Prepositions and adverbs
These are sometimes called prepositional adverbs, as they can function as either class. Common examples include the following:
Aboard about across above before below beyond down in inside near off out outside through throughout under underneath up.
(prep) Their behavior is beyond belief.
(adv) From the top of the hill you can see the manor house and the woods beyond.
Here are some structural criteria for distinguishing prepositions from adverbs:
• A preposition, but not an adverb, requires a nominal complement, and when this is a pronoun, the preposition governs its case (for him, without them).
• In paired examples such as We went into the café – we went in, what was a preposition in the first version is replaced by an adverb in the second.

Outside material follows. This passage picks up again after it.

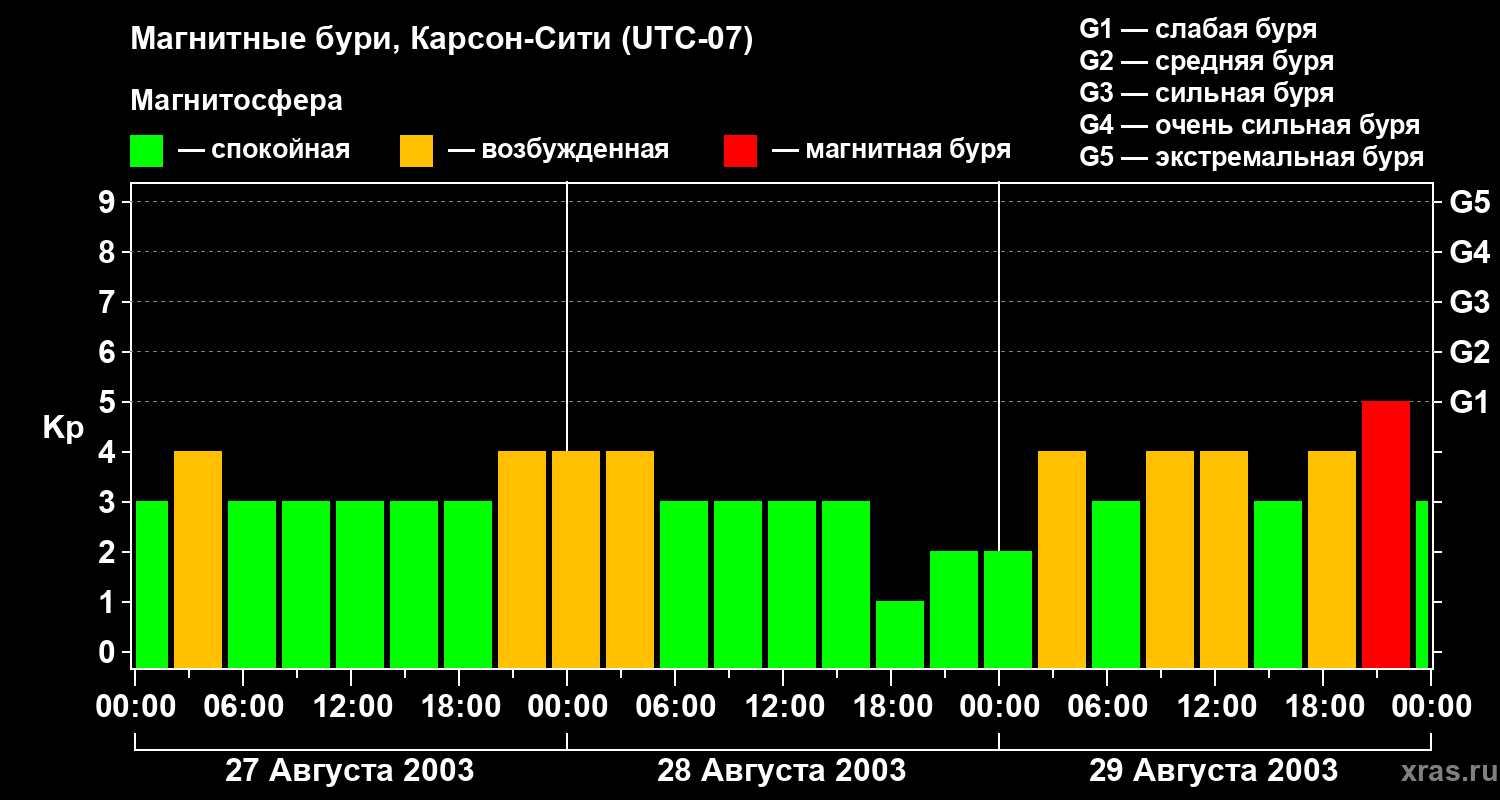 Изменения геомагнитного индекса Kp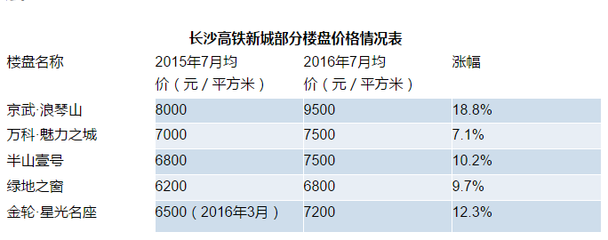 一线城市房价调控来袭 资金将在这些城市建“避风港”_福州房地产_房掌柜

• The adverb is heavily stressed, whereas the preposition is normally unstressed, or only lightly stressed (lower down the scale vs lower DOWN; we walked past the café; we walked PAST.
In certain positions prepositions are stressed; for instance, when stranded at the end of a wh-question: What is it FOR? Where is it FROM? The preposition with is stressed in the expression with it (trendy), and also in the adjunctive use I’ll take it WITH me. Without is similarly stressed in I can’t do WITHOUT it, WITHOUT you. In combinations with do – (do without, go without, meaning ‘must have’), the word without functions as an adverbial particle. There’s no milk left, so we’ll just have to do without (meaning ‘not have’).
With regard to the phrasal verb ‘come to’, meaning ‘regain consciousness’, the particle to is heavily stressed: The unconscious boy came TO.